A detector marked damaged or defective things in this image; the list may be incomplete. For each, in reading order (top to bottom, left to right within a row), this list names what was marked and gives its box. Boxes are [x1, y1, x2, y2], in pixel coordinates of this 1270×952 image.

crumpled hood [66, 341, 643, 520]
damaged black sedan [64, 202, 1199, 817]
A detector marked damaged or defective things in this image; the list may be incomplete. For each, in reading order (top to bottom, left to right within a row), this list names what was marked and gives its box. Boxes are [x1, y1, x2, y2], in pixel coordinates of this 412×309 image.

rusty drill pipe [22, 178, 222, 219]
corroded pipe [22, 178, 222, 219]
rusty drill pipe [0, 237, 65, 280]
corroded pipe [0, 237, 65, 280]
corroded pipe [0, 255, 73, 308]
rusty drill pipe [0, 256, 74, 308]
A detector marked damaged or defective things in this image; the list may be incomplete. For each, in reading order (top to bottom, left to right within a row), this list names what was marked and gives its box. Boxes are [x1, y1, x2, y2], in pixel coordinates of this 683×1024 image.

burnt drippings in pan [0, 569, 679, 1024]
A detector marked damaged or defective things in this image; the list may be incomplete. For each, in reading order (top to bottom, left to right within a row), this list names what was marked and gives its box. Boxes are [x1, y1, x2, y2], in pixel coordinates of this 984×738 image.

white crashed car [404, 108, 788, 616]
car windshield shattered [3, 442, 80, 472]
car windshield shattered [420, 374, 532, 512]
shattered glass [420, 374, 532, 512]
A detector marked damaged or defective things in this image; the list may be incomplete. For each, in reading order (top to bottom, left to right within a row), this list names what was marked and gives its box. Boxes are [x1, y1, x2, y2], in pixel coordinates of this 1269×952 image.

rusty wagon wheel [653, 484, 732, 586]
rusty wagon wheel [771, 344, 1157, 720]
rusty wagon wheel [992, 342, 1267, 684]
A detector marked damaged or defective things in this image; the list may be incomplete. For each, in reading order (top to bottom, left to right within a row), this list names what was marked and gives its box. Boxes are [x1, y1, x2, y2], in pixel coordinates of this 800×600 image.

********

**Your assignment**
Starting from the line that contains "this 412×309 image.", transcribe each line to the end of the records above. Please add nothing.

**Expected answer**
A detector marked damaged or defective things in this image; the list may be incomplete. For each, in reading order (top to bottom, left to right within a row), this list names what was marked and gives its box. Boxes are [x1, y1, x2, y2], in pixel coordinates of this 412×309 image.

rusty drill pipe [22, 178, 222, 219]
corroded pipe [22, 178, 222, 219]
rusty drill pipe [0, 237, 65, 280]
corroded pipe [0, 237, 65, 280]
corroded pipe [0, 255, 73, 308]
rusty drill pipe [0, 256, 74, 308]
A detector marked damaged or defective things in this image; the list may be incomplete. For each, in reading order (top to bottom, left to right within a row), this list names what was marked and gives its box. Boxes are [x1, y1, x2, y2], in pixel coordinates of this 683×1024 image.

burnt drippings in pan [0, 569, 679, 1024]
A detector marked damaged or defective things in this image; the list may be incomplete. For each, in reading order (top to bottom, left to right within a row), this list names what was marked and gives its box. Boxes are [x1, y1, x2, y2], in pixel coordinates of this 984×738 image.

white crashed car [404, 108, 788, 616]
car windshield shattered [3, 442, 80, 472]
car windshield shattered [420, 374, 532, 512]
shattered glass [420, 374, 532, 512]
A detector marked damaged or defective things in this image; the list may be incomplete. For each, in reading order (top to bottom, left to right within a row), this list names what was marked and gives its box. Boxes are [x1, y1, x2, y2], in pixel coordinates of this 1269×952 image.

rusty wagon wheel [653, 484, 732, 586]
rusty wagon wheel [771, 344, 1157, 720]
rusty wagon wheel [992, 342, 1267, 684]
A detector marked damaged or defective things in this image; the list may be incomplete. For each, in reading order (top to bottom, left to right within a row), this list names what was marked and gives its box. Boxes are [x1, y1, x2, y2], in pixel coordinates of this 800×600 image.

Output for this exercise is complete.